*Problem*. Keep to one stretch of the data below, the lines from the one with "900194, 64 детали" up to and including the one with "Balenciaga Cropped Cotton", and return that stretch exactly.

*Input for this task*.
[Start of section]

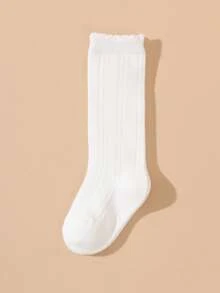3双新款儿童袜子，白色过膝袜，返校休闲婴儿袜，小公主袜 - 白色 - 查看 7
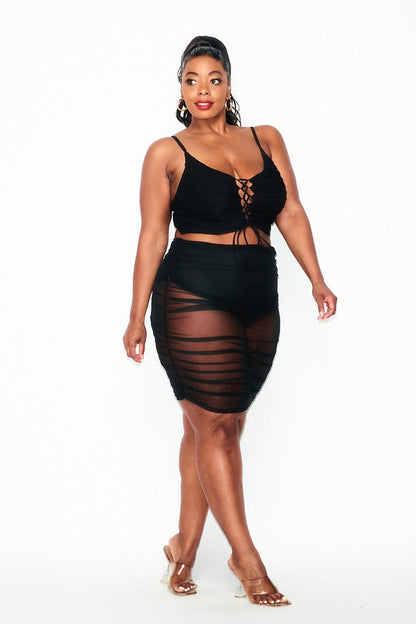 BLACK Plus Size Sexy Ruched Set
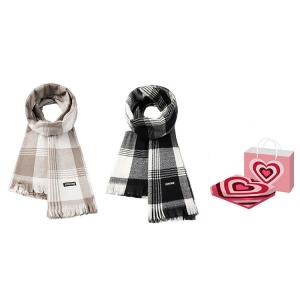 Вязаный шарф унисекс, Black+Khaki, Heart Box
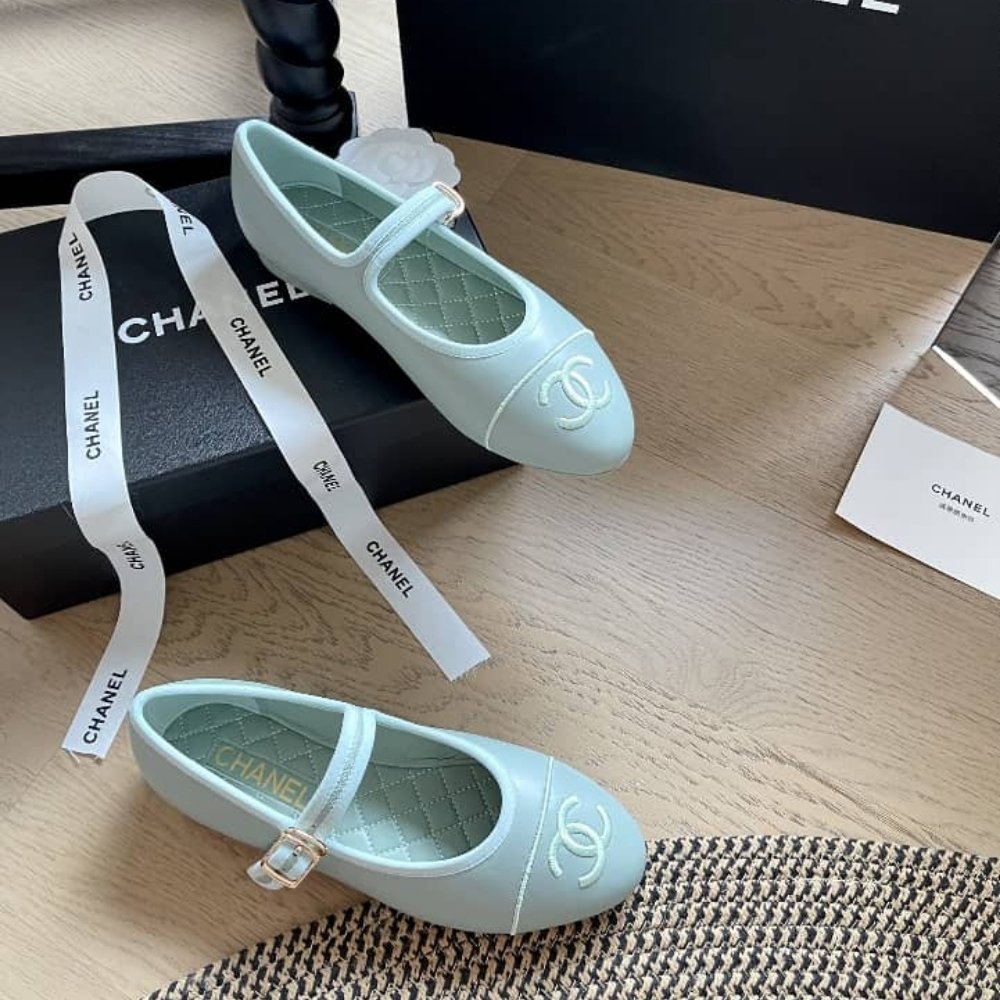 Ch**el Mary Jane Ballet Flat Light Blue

[End of section]
[Start of section]

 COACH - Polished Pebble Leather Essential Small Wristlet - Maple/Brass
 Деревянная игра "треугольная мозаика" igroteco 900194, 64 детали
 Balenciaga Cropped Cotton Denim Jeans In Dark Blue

[End of section]
[Start of section]

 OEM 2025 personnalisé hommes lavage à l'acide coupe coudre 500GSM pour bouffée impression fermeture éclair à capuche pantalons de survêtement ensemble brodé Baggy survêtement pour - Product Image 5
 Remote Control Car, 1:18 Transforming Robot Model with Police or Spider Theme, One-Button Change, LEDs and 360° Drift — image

[End of section]

*Response area*.
 Деревянная игра "треугольная мозаика" igroteco 900194, 64 детали
 Balenciaga Cropped Cotton Denim Jeans In Dark Blue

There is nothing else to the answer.